As is the case with our other non-employee directors, we will compensate Mr. Vickers with an annual grant of stock options under our 2017 Incentive Stock Plan, in an amount and on terms to be determined by the board of directors. The initial grant to Mr. Vickers is for an option to purchase 50,000 shares at an exercise price of $0.27 per share. The options vests in four (4) quarterly installments commencing ninety (90) days from the date of grant and is contingent upon his continued service on the board. As is the case with our other nonemployee directors, we have also agreed to reimburse Mr. Vickers for out-of-pocket expenses incurred in connection with attending board and committee meetings and have entered into an indemnification agreement with him.

 

A copy of the press release announcing Mr. Vickers appointment to our board of directors is attached hereto as Exhibit 99.1.

 

Director Independence

 

The Company’s board of directors has determined that Mr.
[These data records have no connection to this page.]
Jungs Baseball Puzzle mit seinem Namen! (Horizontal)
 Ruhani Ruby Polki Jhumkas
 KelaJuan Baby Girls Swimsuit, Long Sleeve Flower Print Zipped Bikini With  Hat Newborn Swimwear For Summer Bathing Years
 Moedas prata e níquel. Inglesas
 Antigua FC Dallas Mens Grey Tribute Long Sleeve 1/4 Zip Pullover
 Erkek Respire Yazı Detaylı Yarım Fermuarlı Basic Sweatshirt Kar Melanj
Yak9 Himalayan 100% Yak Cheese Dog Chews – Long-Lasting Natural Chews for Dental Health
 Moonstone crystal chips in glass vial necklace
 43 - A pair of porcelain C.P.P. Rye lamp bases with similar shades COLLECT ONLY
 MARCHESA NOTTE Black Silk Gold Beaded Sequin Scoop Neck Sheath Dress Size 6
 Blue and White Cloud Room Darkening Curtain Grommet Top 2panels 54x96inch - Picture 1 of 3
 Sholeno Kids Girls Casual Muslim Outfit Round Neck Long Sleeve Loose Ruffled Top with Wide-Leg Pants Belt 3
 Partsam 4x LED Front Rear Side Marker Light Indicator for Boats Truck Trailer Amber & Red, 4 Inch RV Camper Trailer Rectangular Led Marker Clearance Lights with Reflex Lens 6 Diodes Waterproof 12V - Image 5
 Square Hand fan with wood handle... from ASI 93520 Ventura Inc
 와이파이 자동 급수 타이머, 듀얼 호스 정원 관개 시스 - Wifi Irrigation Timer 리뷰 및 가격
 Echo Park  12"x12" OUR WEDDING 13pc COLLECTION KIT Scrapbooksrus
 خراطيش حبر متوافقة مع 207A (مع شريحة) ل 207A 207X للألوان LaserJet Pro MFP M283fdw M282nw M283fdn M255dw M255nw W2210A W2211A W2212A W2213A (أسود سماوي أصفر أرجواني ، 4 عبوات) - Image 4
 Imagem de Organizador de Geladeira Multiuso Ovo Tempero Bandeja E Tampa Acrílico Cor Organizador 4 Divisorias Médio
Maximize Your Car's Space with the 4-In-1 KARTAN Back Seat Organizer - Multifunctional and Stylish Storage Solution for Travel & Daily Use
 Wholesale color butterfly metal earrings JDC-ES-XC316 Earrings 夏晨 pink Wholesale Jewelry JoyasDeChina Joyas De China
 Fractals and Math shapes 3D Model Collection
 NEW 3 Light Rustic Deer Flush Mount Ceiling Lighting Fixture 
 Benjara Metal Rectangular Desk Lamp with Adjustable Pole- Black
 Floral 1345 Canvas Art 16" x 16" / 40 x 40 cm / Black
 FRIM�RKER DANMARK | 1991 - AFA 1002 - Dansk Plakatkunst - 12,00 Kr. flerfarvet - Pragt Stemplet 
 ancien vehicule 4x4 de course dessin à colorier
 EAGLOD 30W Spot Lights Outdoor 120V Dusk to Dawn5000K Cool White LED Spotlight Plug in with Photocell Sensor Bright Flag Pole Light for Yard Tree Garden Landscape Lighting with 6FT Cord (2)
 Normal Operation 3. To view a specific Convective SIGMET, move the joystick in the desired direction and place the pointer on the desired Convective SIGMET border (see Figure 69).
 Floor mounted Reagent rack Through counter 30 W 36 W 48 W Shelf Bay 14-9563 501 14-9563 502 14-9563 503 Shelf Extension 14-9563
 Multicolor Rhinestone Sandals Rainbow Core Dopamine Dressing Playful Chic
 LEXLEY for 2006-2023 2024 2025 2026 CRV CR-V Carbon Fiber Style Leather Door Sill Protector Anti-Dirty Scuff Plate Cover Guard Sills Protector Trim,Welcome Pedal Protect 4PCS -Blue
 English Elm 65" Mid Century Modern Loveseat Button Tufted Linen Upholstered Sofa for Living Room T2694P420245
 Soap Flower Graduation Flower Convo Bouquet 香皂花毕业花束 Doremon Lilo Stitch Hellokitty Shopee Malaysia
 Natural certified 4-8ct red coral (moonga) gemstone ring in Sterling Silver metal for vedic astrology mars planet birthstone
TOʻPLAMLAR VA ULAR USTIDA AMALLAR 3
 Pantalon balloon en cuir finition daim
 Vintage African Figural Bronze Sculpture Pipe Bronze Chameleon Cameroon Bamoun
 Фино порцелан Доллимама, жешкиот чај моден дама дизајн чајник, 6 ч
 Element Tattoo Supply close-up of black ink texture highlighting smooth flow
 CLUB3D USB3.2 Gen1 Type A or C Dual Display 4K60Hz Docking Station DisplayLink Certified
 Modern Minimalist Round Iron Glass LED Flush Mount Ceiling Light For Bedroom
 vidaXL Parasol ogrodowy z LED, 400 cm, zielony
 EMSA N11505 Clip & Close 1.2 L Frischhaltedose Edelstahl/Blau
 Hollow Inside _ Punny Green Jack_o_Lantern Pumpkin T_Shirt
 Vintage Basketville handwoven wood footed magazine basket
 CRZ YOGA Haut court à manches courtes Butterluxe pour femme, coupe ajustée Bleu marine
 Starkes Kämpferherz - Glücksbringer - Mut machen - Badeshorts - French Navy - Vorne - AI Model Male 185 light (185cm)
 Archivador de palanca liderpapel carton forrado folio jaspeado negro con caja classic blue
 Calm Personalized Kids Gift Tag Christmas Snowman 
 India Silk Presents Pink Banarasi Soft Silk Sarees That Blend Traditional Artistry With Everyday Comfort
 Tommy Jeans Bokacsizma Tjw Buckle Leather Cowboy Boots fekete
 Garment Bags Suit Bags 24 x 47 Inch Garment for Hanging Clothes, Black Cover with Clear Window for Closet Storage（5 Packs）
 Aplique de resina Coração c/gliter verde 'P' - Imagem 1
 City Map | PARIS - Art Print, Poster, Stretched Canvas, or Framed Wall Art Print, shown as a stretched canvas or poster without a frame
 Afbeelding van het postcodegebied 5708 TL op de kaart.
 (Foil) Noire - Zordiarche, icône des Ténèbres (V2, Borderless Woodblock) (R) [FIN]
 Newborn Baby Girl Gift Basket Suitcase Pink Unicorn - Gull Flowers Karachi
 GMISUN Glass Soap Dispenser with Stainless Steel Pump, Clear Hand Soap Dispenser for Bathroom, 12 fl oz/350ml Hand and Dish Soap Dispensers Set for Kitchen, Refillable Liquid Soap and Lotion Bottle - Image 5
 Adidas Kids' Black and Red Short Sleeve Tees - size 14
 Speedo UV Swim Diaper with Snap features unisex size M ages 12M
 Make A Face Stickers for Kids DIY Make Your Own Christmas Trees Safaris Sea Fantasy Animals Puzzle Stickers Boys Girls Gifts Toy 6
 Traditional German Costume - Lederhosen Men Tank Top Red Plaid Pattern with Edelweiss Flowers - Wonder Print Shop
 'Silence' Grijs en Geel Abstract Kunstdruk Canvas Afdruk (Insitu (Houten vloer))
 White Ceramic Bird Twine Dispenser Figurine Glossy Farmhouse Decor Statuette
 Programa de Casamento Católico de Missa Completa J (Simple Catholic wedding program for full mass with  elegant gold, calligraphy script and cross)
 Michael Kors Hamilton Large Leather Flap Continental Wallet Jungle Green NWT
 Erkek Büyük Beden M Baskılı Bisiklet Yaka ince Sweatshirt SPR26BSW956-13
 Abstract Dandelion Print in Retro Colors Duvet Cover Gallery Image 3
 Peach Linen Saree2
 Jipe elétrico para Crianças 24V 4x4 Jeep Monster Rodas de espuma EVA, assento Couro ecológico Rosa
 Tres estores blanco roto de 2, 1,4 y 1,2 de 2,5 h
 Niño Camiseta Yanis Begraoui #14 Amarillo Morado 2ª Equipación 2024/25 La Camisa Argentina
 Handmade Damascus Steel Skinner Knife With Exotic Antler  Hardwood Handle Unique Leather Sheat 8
Vickers is “independent” within the meaning of the applicable rules and regulations of the Securities and Exchange Commission and the listing standards of the Nasdaq Stock Market and the NYSE American. Mr. Vickers will serve as a member of the board’s audit committee.

 

Item 9.01           Financial Statements and Exhibits

 

  (d) Exhibits

 

Exhibit No Description  
     
     99.1 Press Release dated October 1, 2020

 

 

 

 

SIGNATURES

 

Pursuant to the requirements of the Securities Exchange Act of 1934, the Registrant has duly caused this report to be signed on its behalf by the undersigned hereunto duly authorized.

 

Dated:  October 1, 2020 VERITAS FARMS, INC.